De tout le temps, les communautés humaines ont toujours utilisé des ressources naturelles pour y tirer leurs moyens de survie : alimentation, médicaments, habitat, etc. Les PFNL font partie de ces ressources naturelles dont l’homme tire aussi des revenus pour répondre à ses besoins.

En effet, l’exploitation abusive des PFNL contribue non seulement à leurs rareté ; mais aussi à la destruction de la biodiversité ; plongeant ainsi les communautés dépendantes de la forêt dans des conditions de précarité durables.

Dans le souci de contribuer à la gestion durable des forêts au profit de la conservation de la diversité biologique d’une part, et l’amélioration de conditions de vie des peuples autochtones et des communautés forestières d’autre part, une mobilisation générale se fait sentir en faveur de l’exploitation durable des PFN à tous les niveaux.

En République Démocratique du Congo, le cadre légal réglemente les activités liées à l’exploitation des produits forestiers non ligneux : Art. 36 du Code forestier de 2002 ; et Art. 10 de l’Arrêté n° 035 relatif à l’exploitation forestière.

En Province du Nord-Kivu, le Réseau CREF, fidèle à sa mission, a trouvé impérieux d’initier des études sur les PFNL comme alternative à la lutte contre la pauvreté des communautés forestières tout en contribuant à la conservation de l’écosystème.

La première étude menée par le Réseau CREF sur cette thématique date de l’an 2009 et présente déjà les différents PFNL disponibles  dans les forêts  de la  province du Nord-Kivu.

une autr  étude a été realisée en 2014. Elle  est une continuité de la première réalisée en 2009,  et a visé à actualiser les données de la précédente tout en envisageant la possibilité d’organisation des filières spécifiques  pour l’exploitation des principaux PFNL à valeur marchande élevée.

Cette étude  a permis  ainsi de confirmer qu’au Nord-Kivu les PFNL les plus prisés et/ou ayant une valeur marchande élevée sont: le poivre noir, le cola, le pygeum, le champignon « vudo » et « Vukakati » ainsi que le miel.

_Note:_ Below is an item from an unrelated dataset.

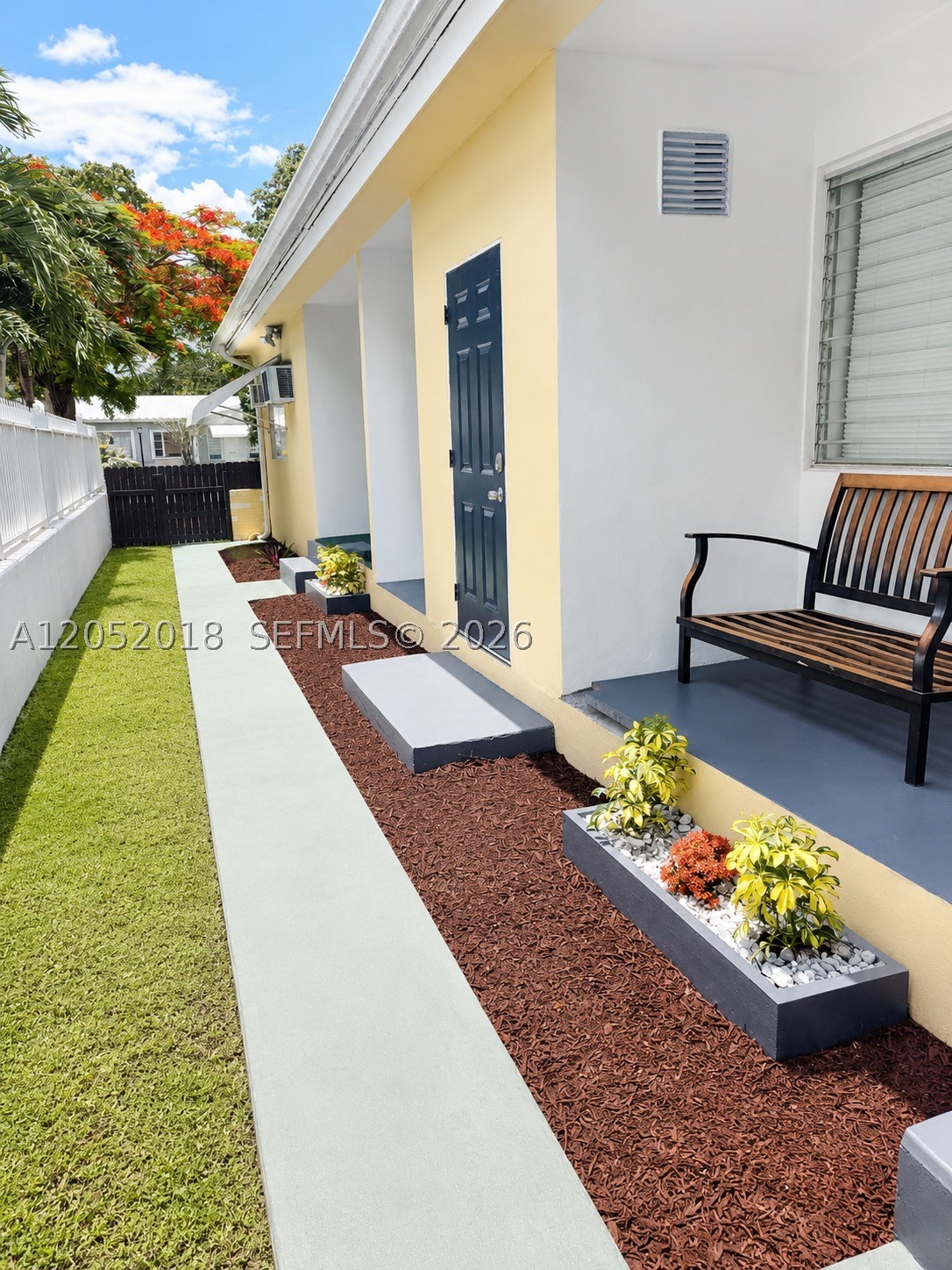 HOLLYWOOD SOUTH SIDE ADD - Residential Lease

Leurs usages, sont essentiellement alimentaires et/ou médicamenteux.

L’analyse de l’exploitation de ces PFNL au Nord-Kivu a permis de circonscrire une cartographie générale avec 6 maillons, à savoir : la production, la transformation du premier degré, la transformation  du second degré, la commercialisation, la consommation et l’exportation.

Certains PFNL, comme le poivre noir, sont récoltés durant toute l’année tandis que d’autres ne le sont que pendant quelques mois seulement.

Sur base de nos enquêtes, les quantités moyennes annualisées par producteur ont été calculées pour chaque PFNL.

Ainsi, par an, un producteur peut arriver à réaliser : 288 kg de champignon vudo, 384 kg de champignon Vukakati, 672 kg de Cola, 1536kg de Pygeum, 120 litres de miel et 672 kg de poivre noir.

4 niveaux de marchés ont été identifiés au Nord-Kivu pour la commercialisation des PFNL. Il s’agit du : marché local du village, marché urbain 1, marché urbain 2 et marché extérieur. La valeur marchande des PFNL varie suivant les types de marchés. Par exemple,  1 kg de poivre noir coute 1$ au marché du village ; 2,2$ sur le marché urbain 1, et 1,7$ sur le marché urbain 2.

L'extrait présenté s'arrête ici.